I don’t actually know the brms syntax, but I’m guessing that what you need to do is introduce a covariate for before/after change point. Then you can model a difference in slope before or after the switch. In Stan, that’d just be something like this:

parameters {
  real slope;
  real diff;
  ...
}
model {
  for (n in 1:N) {
    for (t in 1:T) {
      real adj_slope = t > change[n] ? slope + diff : slope;
      ... use adjusted slope ...
    }
  }

In brms, I’m guessing you can use an indicator covariate change[n, t] for subject n at time t that is 1 if t is after subject n’s changepoint. Then you can include the original slope and a new slope for the difference using covariate change.

Thanks @Bob_Carpenter

As I said I pretty new to Bayesian modelling and have a very vague idea of Stan syntax. I guess it would be worth investing some time at learning it.

Back to the point.

I actually did something alike with two slopes, slope_1 (before, if t < change) and slope_2 (after, i.e if t >= change) ).

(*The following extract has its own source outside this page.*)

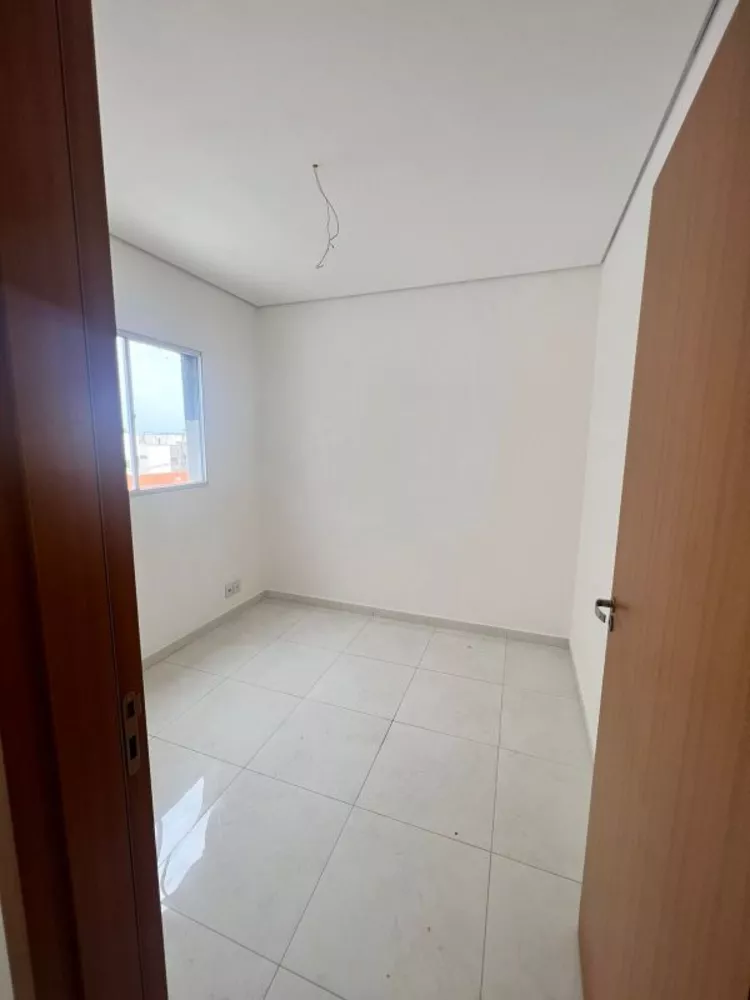 Apartamento para alugar com 2 quartos, 62m² - Foto 4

First issue is that I have different groups, so ideally two slopes each.
Second, and more tricky, one group actually never switched, so there is no change-time.

What’s the trend for those who switch A->B? Those who switched A->C? And those who didn’t switch at all?

I currently cannot access the stan forums directly so can only respond via email. From what you describe, I think it would make most sense if you directly specified your model in Stan, building on the code that Bob provided. Your model may be possible in brms, but it would likely be more cumbersome to write in brms than in Stan directly.

I’m sure we can sort this out. Do you know why? Do you need us to generate another login or something for you? (If you can send email, I’ll see it—I may not see a reply to this forum post).

It now seems to work again. It was some temporary issue with discourse perhaps.